BEGIN Information supplied
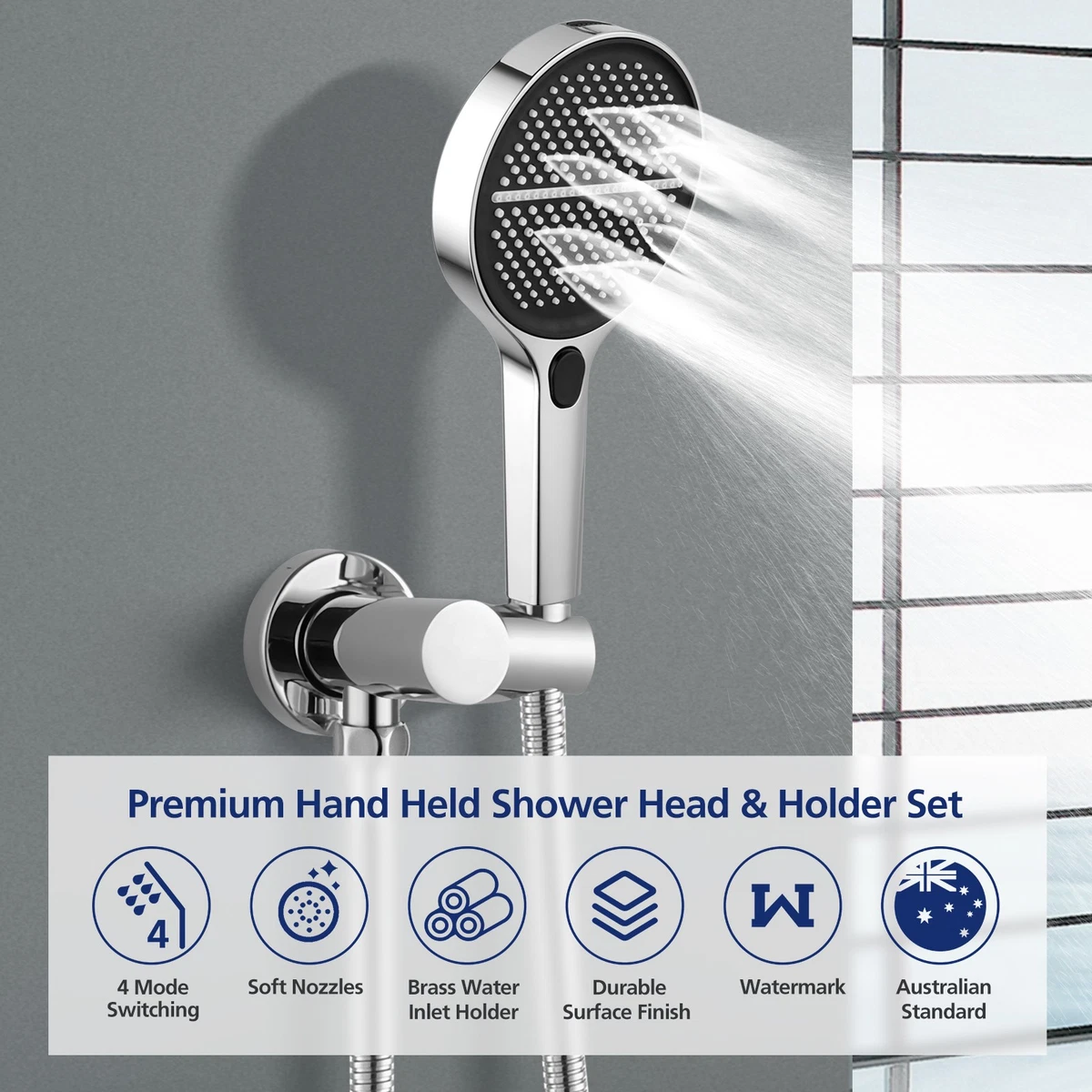 ACA 4-Mode Hand Held Shower Head Set 1.5m Hose Hand Shower Set Round Chrome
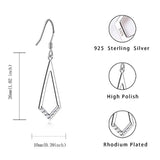 S925 Sterling Silver  Rhombus Shaped Dangle Drop Earrings | Minimalist Geometric Jewelry for Girls and Women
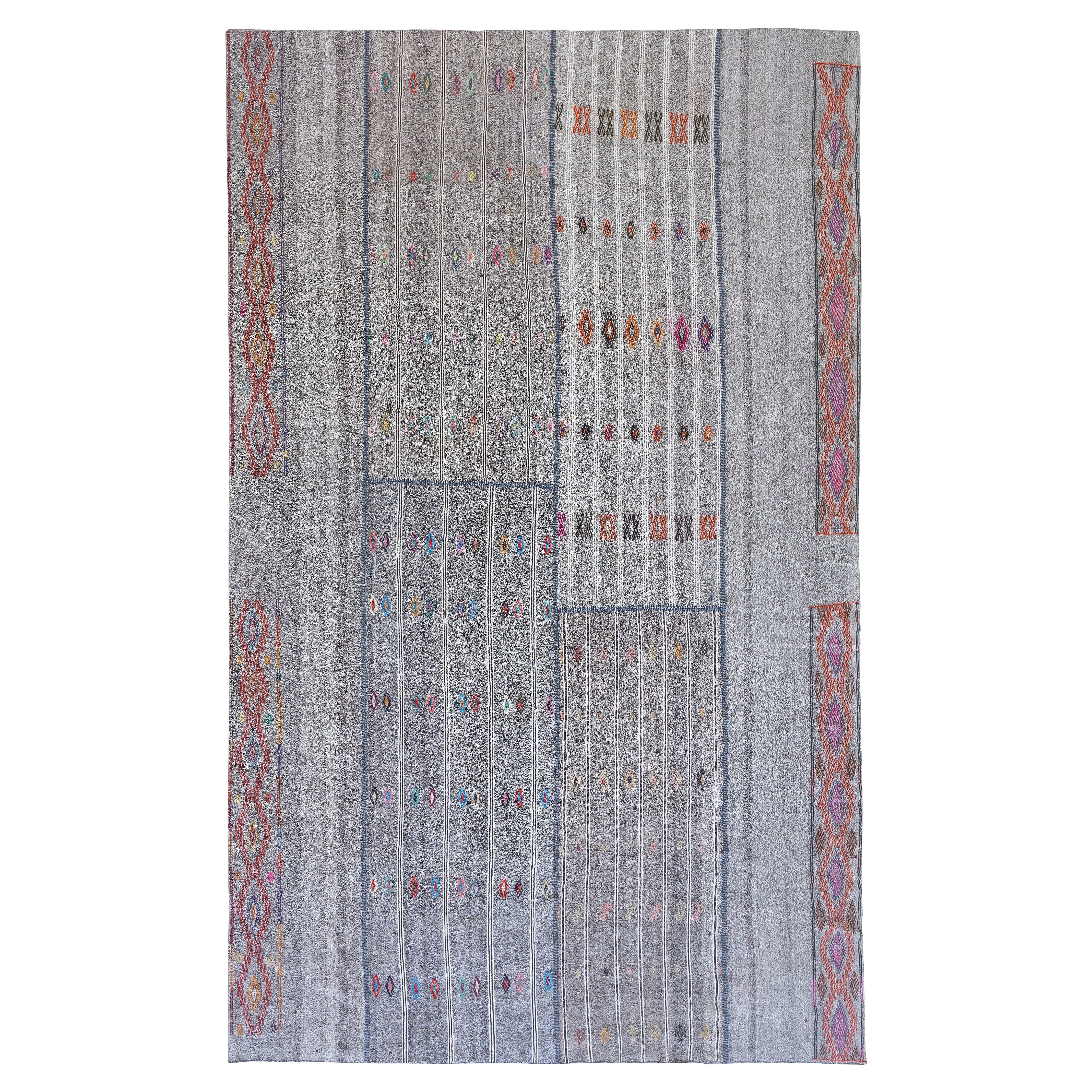 11.2x15.6 Ft Vintage Türkischer Kelim. Grauer Teppich aus Baumwolle und Ziegenhaar. Teppich in Übergröße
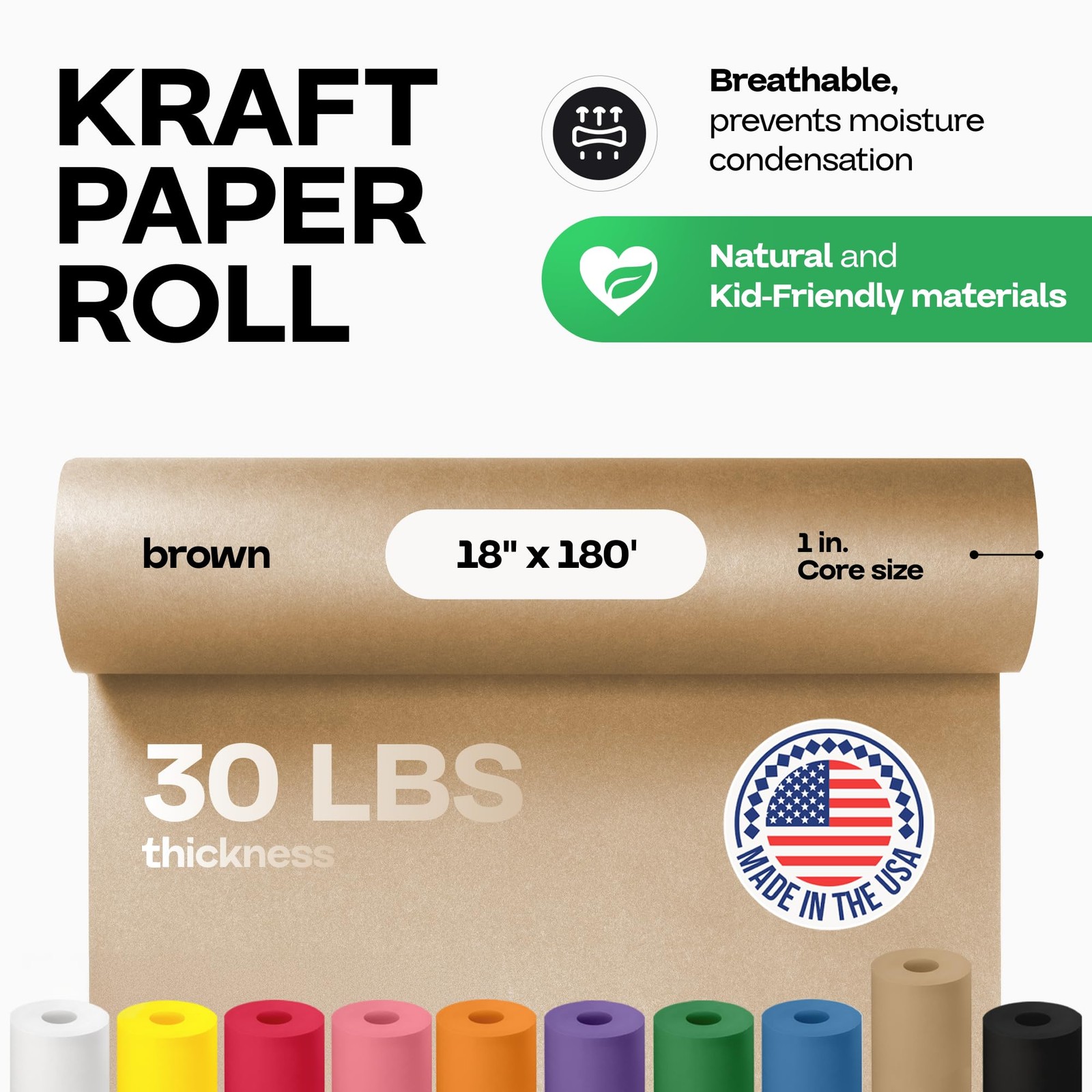 Brown Kraft Paper Roll 18″ x 2160″ (180 feet) – USA-Made Brown Wrapping Paper…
END Information supplied
§ Directions for this task
Repeat the listing exactly, pictures excluded.

§ Answer to this problem
 ACA 4-Mode Hand Held Shower Head Set 1.5m Hose Hand Shower Set Round Chrome
 S925 Sterling Silver  Rhombus Shaped Dangle Drop Earrings | Minimalist Geometric Jewelry for Girls and Women
 11.2x15.6 Ft Vintage Türkischer Kelim. Grauer Teppich aus Baumwolle und Ziegenhaar. Teppich in Übergröße
 Brown Kraft Paper Roll 18″ x 2160″ (180 feet) – USA-Made Brown Wrapping Paper…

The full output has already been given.